Boost.Preprocessor doesn't provide that information is because it is
extremely difficult to derive and because it is wildly different for
different compilers.

Chaos doesn't attempt to do it either. Chaos does usually indicate
exactly how many recursion steps are required given some input, but that's
a measure relative to a different constraint (not performance, per se, but
a type of resource). (The Chaos docs actually abuse big-O because I
couldn't decide whether I wanted exact forms or big-O, so the docs current
have (e.g.) O(2n) instead of just O(n). I actually need to change those
formulas to be auto-generated from LaTeX or use MathML.)
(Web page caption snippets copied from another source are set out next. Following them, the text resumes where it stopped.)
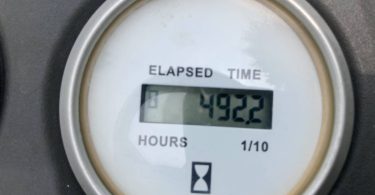 Used Husqvarna YT42DXLS riding lawn mower for sale 00U0U hzK8MEMNEwH 0CI0t2 1200x900 375x195 Used Husqvarna YT42DXLS riding lawn mower for sale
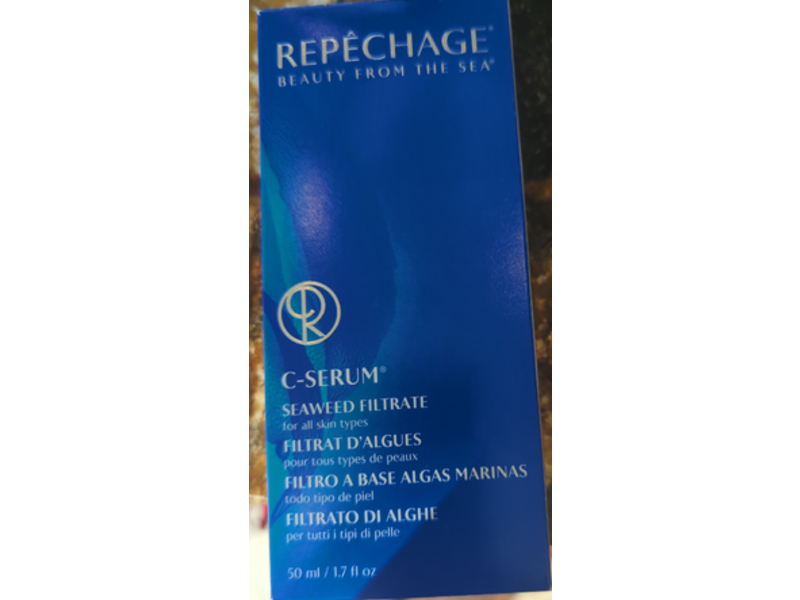 Repechage C Serum, 1.7 fl oz/50 mL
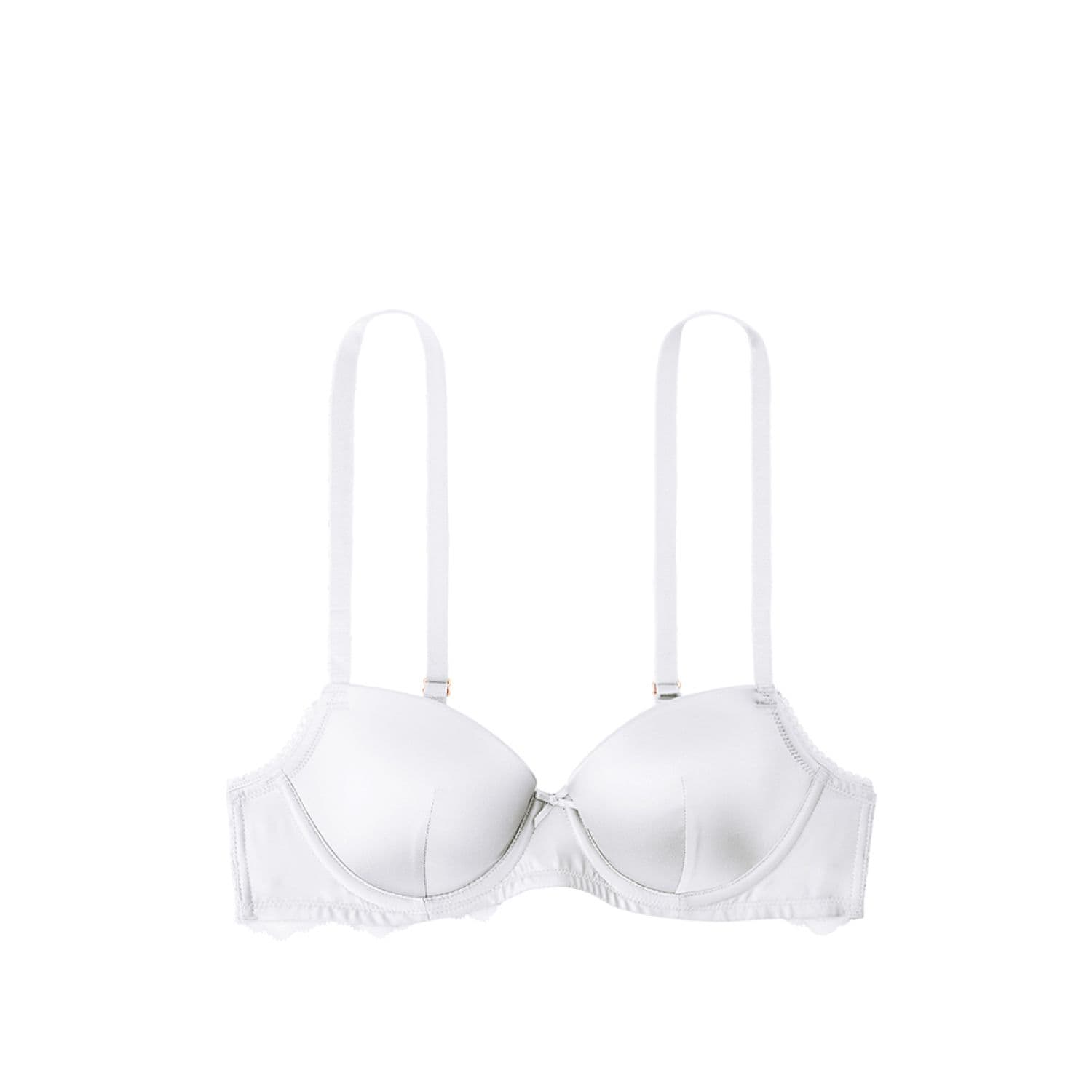 Бюстгальтер Victoria's Secret Dream angels 34 - изображение 1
> For example, I would have found such an analysis of Boost.PP
> computational complexity useful when programming complex pp macros
> (i.e., Boost.Contract). I've ended up using pp-lists everywhere and that
> was probably a very bad choice (and in fact Boost.Contract compilation
> times are huge :( ). I've used pp-list just because they handle nil "for
> free" but I could have used a pp-sequence (nil)(elem1)(elem2)... -- with
> a bit more implementation work to deal with the leading (nil) -- had I
> saw evidence that the pp-sequence implementation would have been truly
> faster.

Lists in Boost.Preprocessor are the only data structure type that can have
a nil state. However, it is worse in nearly every (practical) way that
comes to mind. As you mention, in client code, one can simulate nil for
other data types in a variety of ways. Perhaps the most efficient would
be something along the lines of:

bseq: (0)(~) or (1)(seq)

// GET bseq
#define GET(b) GET_ ## b
#define GET_0(x)
#define GET_1(seq) seq

// IF_CONS bseq (t, f...)
#define IF_CONS(b) IF_CONS_A_ ## b
#define IF_CONS_A_0(x) IF_CONS_B_0
#define IF_CONS_A_1(x) IF_CONS_B_1
#define IF_CONS_B_0(t, ...) __VA_ARGS__
#define IF_CONS_B_1(t, ...) t

#define EAT(...)

#define A(bseq) IF_CONS bseq (B, EAT) (GET bseq)
#define B(seq) seq !

? A( (0)(~) )
? A( (1)((a)(b)(c)) )

> One of those reasons is that, if a library is built for it, non-unary
> (or even variadic) elements are natural because the structure of the
> sequence itself encapsulates each element.
>
> (int)(std::pair<int, int>)(double)
>
>
> This would be very convenient. I programmed a case-by-case version of
> these in Boost.Contract but not a general variadic extension of
> pp-sequence.

A lot of stuff would have to change for the boost-pp to deal with these.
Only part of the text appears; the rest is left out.